An unbounded number of canard limit cycles in linear regularizations of piecewise linear systems
Renato Huzak, Otavio Henrique Perez
TL;DR
The paper addresses whether linear regularizations of planar piecewise-linear systems with non-monotone transition functions can yield arbitrarily many canard-type limit cycles. It introduces two generic breaking mechanisms—Hopf breaking (one critical point in $(-1,1)$) and jump breaking (three critical points)—and uses the slow divergence integral to translate zeros into hyperbolic cycles. By constructing X,Y and families of transition functions φ_k (with one critical point) and φ_{b,k} (with three critical points), the authors prove that for each target count $k$, there exist regularization parameters and small ε>0 such that at least $k+1$ hyperbolic canard cycles appear inside the regularization stripe.

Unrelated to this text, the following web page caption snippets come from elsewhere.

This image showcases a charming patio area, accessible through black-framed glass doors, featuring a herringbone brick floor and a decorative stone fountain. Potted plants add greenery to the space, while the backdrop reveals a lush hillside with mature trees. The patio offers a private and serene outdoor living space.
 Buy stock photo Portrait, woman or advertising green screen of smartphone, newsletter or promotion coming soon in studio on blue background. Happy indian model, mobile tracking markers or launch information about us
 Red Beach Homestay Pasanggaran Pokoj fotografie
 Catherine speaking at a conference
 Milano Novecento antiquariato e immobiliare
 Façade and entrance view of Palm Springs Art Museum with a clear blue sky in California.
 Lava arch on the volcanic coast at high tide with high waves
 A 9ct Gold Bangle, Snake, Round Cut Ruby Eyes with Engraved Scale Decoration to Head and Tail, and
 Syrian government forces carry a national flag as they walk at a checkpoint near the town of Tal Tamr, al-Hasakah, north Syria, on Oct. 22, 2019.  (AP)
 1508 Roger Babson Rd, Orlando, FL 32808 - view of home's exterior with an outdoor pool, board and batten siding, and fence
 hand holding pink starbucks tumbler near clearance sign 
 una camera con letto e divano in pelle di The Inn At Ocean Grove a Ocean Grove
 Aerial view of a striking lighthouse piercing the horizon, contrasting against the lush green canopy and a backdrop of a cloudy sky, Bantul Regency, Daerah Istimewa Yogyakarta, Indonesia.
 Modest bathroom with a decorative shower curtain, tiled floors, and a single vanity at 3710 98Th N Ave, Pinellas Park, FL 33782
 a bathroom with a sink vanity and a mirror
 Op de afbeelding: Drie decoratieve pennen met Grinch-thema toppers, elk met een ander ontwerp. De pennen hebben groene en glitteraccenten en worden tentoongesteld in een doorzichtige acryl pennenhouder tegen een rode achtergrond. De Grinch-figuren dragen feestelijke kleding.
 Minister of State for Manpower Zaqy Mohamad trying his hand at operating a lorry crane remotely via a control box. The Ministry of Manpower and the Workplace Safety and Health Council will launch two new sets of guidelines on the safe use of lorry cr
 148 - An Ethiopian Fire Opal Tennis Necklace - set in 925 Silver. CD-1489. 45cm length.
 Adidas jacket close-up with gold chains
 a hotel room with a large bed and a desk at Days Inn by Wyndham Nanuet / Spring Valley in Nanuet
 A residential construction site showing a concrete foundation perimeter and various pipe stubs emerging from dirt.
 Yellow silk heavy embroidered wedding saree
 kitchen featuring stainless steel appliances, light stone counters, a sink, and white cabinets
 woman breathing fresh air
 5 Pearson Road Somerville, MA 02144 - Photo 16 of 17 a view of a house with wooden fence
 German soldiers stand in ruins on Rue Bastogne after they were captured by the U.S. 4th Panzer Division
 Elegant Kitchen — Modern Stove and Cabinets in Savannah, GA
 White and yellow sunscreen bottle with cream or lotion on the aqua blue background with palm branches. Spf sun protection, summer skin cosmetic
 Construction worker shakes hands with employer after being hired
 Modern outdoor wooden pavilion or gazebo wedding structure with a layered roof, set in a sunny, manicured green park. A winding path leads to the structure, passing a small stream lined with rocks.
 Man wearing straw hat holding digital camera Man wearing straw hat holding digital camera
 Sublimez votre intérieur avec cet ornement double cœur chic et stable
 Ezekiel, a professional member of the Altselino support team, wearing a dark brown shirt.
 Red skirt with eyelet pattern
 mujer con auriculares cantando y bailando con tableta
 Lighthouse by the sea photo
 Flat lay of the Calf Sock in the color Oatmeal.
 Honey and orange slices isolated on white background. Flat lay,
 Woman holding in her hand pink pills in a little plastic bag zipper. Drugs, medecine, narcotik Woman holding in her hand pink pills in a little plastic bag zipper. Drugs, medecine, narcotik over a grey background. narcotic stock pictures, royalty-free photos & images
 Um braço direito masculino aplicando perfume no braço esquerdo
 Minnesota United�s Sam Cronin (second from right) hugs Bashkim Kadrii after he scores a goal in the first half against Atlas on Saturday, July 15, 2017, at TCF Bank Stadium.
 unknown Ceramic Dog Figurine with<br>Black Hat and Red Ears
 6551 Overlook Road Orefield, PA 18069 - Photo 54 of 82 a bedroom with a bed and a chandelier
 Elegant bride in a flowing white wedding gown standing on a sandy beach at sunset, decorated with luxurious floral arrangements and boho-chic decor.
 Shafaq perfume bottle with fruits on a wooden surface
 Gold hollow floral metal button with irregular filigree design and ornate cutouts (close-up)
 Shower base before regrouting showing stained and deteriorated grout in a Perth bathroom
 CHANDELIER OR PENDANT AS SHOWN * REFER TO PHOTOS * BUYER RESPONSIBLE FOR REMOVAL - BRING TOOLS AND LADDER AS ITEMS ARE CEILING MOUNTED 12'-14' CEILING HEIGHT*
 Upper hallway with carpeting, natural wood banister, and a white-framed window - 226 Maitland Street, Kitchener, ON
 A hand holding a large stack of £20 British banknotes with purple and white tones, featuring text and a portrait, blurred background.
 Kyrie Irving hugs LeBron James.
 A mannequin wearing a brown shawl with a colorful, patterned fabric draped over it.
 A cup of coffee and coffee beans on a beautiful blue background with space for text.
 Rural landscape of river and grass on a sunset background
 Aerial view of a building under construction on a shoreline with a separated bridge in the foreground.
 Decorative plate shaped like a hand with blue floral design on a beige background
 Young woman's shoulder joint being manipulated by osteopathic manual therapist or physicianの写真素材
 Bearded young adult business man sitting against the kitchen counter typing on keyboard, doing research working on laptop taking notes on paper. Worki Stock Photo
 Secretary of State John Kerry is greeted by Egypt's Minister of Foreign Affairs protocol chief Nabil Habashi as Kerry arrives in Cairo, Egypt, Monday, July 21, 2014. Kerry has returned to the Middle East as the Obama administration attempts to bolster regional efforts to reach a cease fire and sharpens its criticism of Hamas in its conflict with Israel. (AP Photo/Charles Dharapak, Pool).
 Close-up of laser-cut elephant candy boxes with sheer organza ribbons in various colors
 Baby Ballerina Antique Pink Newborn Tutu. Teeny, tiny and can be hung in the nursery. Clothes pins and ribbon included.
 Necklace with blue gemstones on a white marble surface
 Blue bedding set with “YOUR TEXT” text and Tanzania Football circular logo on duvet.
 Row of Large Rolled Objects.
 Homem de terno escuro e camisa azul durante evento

The work advances the understanding of unbounded canard cycles in linear regularizations of PWL systems and connects slow-fast theory, Liénard reductions, and explicit transition-function design, with implications for Hilbert-type problems in slow-fast dynamics.
Abstract
The purpose of this paper is to study the number of limit cycles of canard type in linear regularizations of piecewise linear systems with non-monotonic transition functions. Using the notion of slow divergence integral and elementary breaking mechanisms, we construct systems with an arbitrary finite number of hyperbolic limit cycles. The Hopf breaking mechanism deals with transition functions with precisely one critical point in the interval $(-1,1)$. On the other hand, the jump breaking mechanism produces any number of limit cycles using transition functions with precisely three critical points in $(-1,1)$.